The right-wing thinktank responsible for designing universal credit has launched a new “Disability Commission” that it hopes will influence the government’s planned disability strategy.
At least half of the 12 commissioners, who will not be paid for their work, are disabled people, and several of them have publicly criticised government policy on disability in the last decade.
But there are likely to be concerns among disabled activists over the involvement of the Centre for Social Justice (CSJ), which was responsible for designing universal credit, and was founded by – and is still chaired by – Sir Iain Duncan Smith (pictured).
The implementation of universal credit has been linked to early deaths, addiction, mental distress and suicides, including the deaths of disabled claimants.
The boss of a homeless charity that provides services just a short walk from last year’s Tory party conference told party members then that universal credit had caused poverty levels that were “a throwback to the Victorian era”.
Years of evidence also show that decisions taken by Duncan Smith as work and pensions secretary between 2010 and 2016 – including those related to incapacity benefit reform – are closely linked to the deaths of many disabled benefit claimants.
Last year, DNS published a 12,000-word article calling for a criminal investigation into alleged misconduct in public office by Duncan Smith and other senior DWP figures.
CSJ is now claiming that its new Disability Commission will “secure a step change in the opportunities available to disabled people, especially in employment, to live their lives fully and as they want to”.

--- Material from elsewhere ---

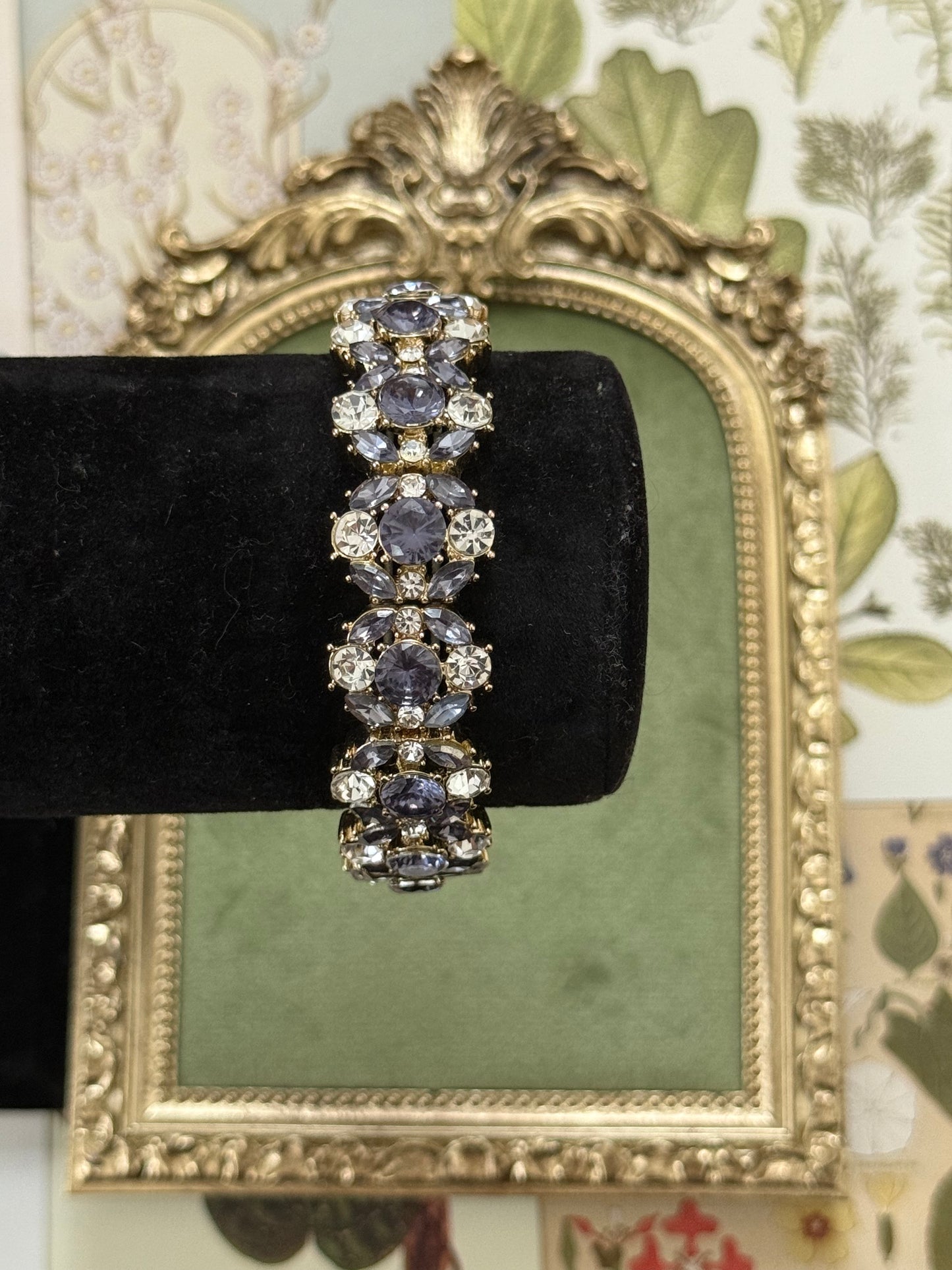 Vintage Gold Tone Stretchy Gemstone Bracelet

CSJ said it would do this by “influencing the development and implementation” of the government’s much-delayed cross-government disability strategy, but it has refused to say who is funding the commission, although it claims that its funders “have no editorial control over our work”.
CSJ plans an initial report later this year, which it hopes will feed into the government’s strategy, with three other reports next year designed to “influence its implementation and especially any subsequent legislation”.

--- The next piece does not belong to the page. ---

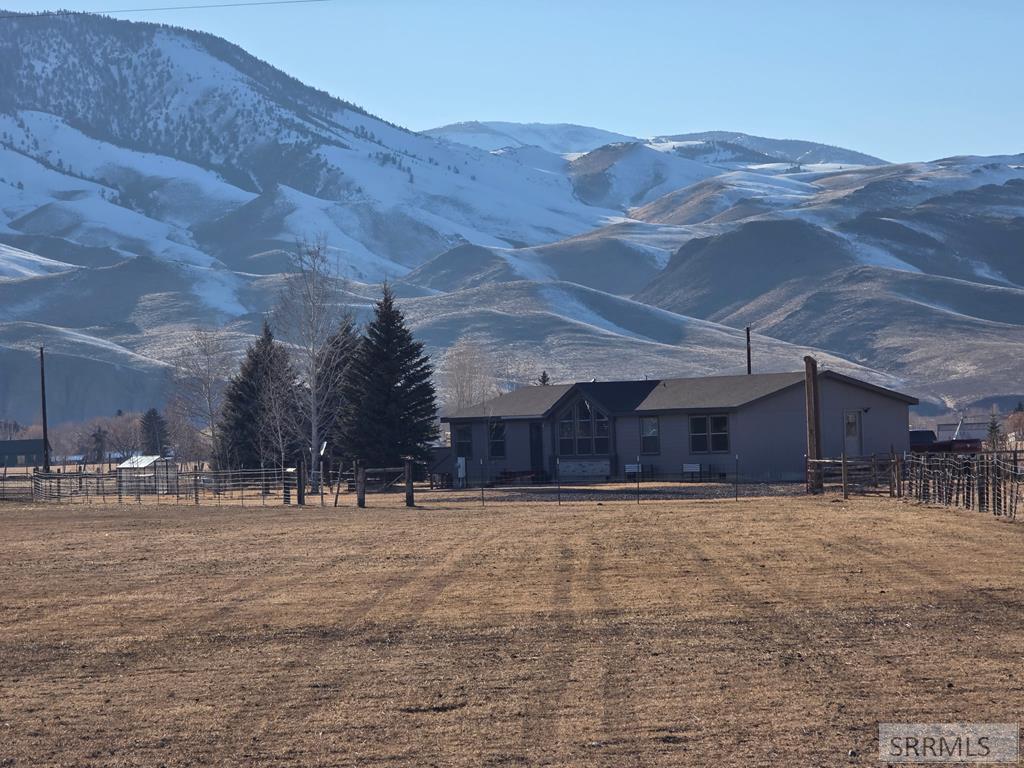 504 Bluebird Lane, CHALLIS, Idaho image 32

The commission appears set to focus on the role of business, employment and the free market, with CSJ calling on the government to use the disability strategy to “prove that only a market economy delivers sustainable social justice in a way that enables everyone to realise their potential”.

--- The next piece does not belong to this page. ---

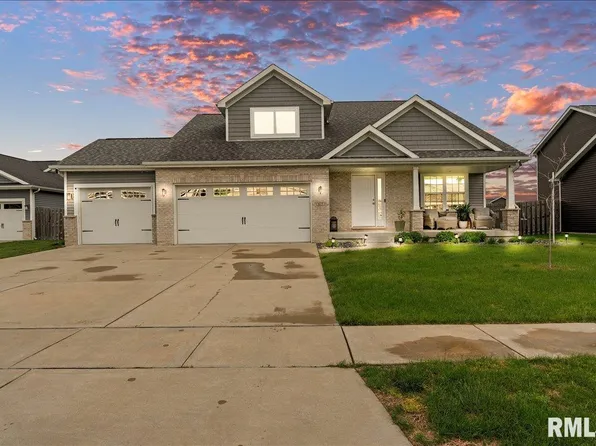 815 Garvey Ln, Chatham, IL 62629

Disabled members of the commission include the chair, the Tory peer Lord [Kevin] Shinkwin; the crossbench peer Baroness [Tanni] Grey-Thompson; disability consultant Helen Cooke; mobility consultant Helen Dolphin, a long-standing member of the Disabled Persons Transport Advisory Committee; and James Lee, a consultant with the City Bridge Trust and a member of Transport for London’s independent disability advisory group.
Other members are Professor Kim Hoque, professor of human resource management at Warwick Business School; Diane Lightfoot, chief executive of the Business Disability Forum; and Mark Harper, a former Tory minister for disabled people.
The commission also includes inclusion experts from accounting and consultancy giants Deloitte and EY, and from law firm Clifford Chance, as well as David Forbes-Nixon, the founder of global asset management group Alcentra, its deputy chair.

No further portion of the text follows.